Dataset entries
_ _ _ _ _
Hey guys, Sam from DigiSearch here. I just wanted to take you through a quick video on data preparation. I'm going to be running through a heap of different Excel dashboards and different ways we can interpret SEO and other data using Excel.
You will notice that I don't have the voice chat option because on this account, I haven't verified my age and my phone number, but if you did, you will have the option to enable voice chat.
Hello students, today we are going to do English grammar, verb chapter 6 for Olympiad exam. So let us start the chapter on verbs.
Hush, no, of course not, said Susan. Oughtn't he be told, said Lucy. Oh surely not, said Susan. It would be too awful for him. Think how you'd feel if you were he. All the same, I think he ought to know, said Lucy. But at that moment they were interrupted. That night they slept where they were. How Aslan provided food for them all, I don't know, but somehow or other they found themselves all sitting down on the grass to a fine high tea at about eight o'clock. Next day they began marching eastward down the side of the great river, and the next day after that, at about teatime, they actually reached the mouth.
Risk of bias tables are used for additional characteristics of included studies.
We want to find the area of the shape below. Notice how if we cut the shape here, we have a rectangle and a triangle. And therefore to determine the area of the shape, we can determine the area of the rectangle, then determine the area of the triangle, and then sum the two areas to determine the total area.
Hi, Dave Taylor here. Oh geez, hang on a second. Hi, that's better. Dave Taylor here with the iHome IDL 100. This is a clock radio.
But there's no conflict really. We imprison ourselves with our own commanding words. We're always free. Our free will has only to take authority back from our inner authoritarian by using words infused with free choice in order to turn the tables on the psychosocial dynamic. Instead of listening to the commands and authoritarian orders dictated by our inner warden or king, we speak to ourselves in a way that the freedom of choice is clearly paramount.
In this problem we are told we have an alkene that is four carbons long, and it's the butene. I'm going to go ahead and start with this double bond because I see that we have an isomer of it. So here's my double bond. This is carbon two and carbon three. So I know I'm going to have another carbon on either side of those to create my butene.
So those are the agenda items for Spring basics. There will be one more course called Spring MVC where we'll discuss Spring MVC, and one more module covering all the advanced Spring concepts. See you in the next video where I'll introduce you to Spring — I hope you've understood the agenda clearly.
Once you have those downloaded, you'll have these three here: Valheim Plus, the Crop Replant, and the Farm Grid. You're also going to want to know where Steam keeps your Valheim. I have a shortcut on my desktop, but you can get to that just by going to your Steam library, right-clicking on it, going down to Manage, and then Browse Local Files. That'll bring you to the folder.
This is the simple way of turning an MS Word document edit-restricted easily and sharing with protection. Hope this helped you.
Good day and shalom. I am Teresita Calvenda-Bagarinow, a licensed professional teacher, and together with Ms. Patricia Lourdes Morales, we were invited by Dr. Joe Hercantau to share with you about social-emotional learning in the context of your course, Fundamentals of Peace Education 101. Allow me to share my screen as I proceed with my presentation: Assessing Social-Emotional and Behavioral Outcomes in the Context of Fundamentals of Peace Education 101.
_ _ _ _ _
The answer must be the line containing "In this problem" and every line after it to the end of the data, exactly as written.

In this problem we are told we have an alkene that is four carbons long, and it's the butene. I'm going to go ahead and start with this double bond because I see that we have an isomer of it. So here's my double bond. This is carbon two and carbon three. So I know I'm going to have another carbon on either side of those to create my butene.
So those are the agenda items for Spring basics. There will be one more course called Spring MVC where we'll discuss Spring MVC, and one more module covering all the advanced Spring concepts. See you in the next video where I'll introduce you to Spring — I hope you've understood the agenda clearly.
Once you have those downloaded, you'll have these three here: Valheim Plus, the Crop Replant, and the Farm Grid. You're also going to want to know where Steam keeps your Valheim. I have a shortcut on my desktop, but you can get to that just by going to your Steam library, right-clicking on it, going down to Manage, and then Browse Local Files. That'll bring you to the folder.
This is the simple way of turning an MS Word document edit-restricted easily and sharing with protection. Hope this helped you.
Good day and shalom. I am Teresita Calvenda-Bagarinow, a licensed professional teacher, and together with Ms. Patricia Lourdes Morales, we were invited by Dr. Joe Hercantau to share with you about social-emotional learning in the context of your course, Fundamentals of Peace Education 101. Allow me to share my screen as I proceed with my presentation: Assessing Social-Emotional and Behavioral Outcomes in the Context of Fundamentals of Peace Education 101.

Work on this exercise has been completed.